Para enaltecer el sentimiento de unión de un pueblo no es imprescindible recurrir a los símbolos como el himno o al pasado de una historia en común He aquí una ciudad, un pueblo, un mapamundi, una frontera sin barreras, he aquí Europa y África, donde moros y cristianos, judíos y chinos se baten cada amanecer en la paz de convivir de la mano y luchar por el mismo objetivo.
Almacenan las ciudades esas obligaciones que condenan a los miembros de la familia a llevarse bien, a amarse, a vivir en armonía, con respeto e incluso amor, esa costumbre de seguir golpeando la puerta de casa del hermano cuarenta años después de la muerte de los progenitores. Dulce condena.
Pero, ¿cual es el vínculo de unión de una ciudad, el puente de plata tendido entre vecino y vecino? ¿Acaso la lengua, acaso la sinceridad de la mirada, acaso las creencias divinas? Cierto que del balcón cuelga la bandera blanca y negra, el mástil firme apuntando al cielo; cierto que ahí está el himno, con su letra y su música intactas desde hace setenta y siete años; cierto que ahí están el ayuntamiento y los políticos, los mares y las colinas, el pasado y el presente –con el ojo en el horizonte–, el pescaíto frito, el cous cous y la caballa, la Semana Santa y la Feria, los gatos callejeros y las gaviotas gruñonas; cierto que está en Ceuta y el ferry que le ha traído ya prepara la vuelta rumbo a Algeciras.
Avanza con la maleta a cuestas, camina entre vaivenes que arrastra de las olas, abre los ojos, descubre un mundo desconocido, fija la vista en los transeúntes que le superan en dirección contraria.

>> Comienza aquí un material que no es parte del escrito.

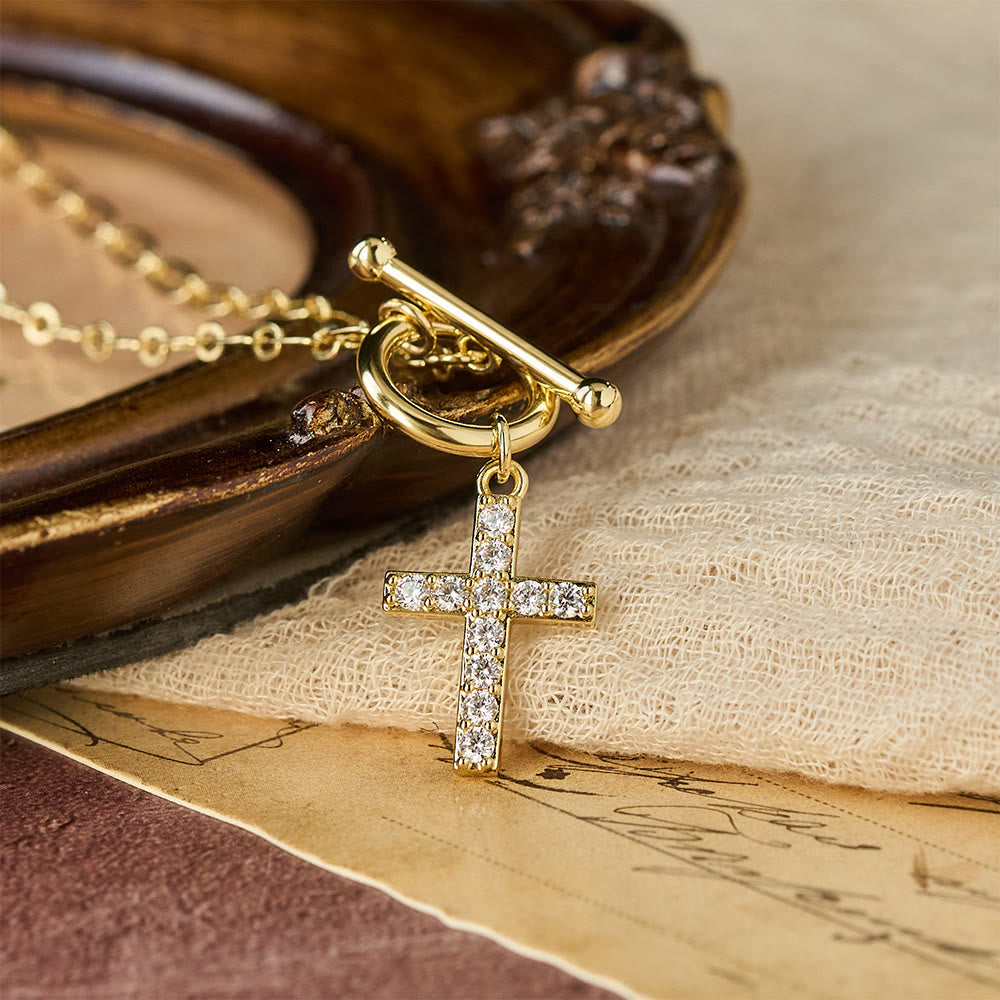 Christianartworkshop Halskette mit Knebelverschluss und Zirkonia-Pavé: Ein Symbol für heiligen Glauben und mühelose Anmut. - image 4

A nadie conoce, no da con el hotel pero nada le importa porque va perdiéndose –descubriéndolos– por rincones, callejones, paseos o  monumentos.
Apenas lleva unas horas en Ceuta, y mientras se atusa el pelo mojado por la ducha de agua fría, una galería de imágenes va desfilando por su memoria reciente, como una película de estreno que acaba de ver y que tiene final feliz. Apaga la luz, se tumba en la cama, siente un cansancio que termina por derrumbarlo al mundo de los sueños. Fuera queda la ciudad con sus cuestas, esas mismas que, indefectiblemente, todos los seres humanos tendremos, al amanecer, en la atardecida o en el crepúsculo, que ascender o bajar con el peso de nuestra existencia como una mochila pesada  sobre la espalda ajada de cansancio: ¿Acaso no todos somos iguales si incluso algo tan mundano nos coloca en idéntica posición y nos desnuda las mismas vergüenzas?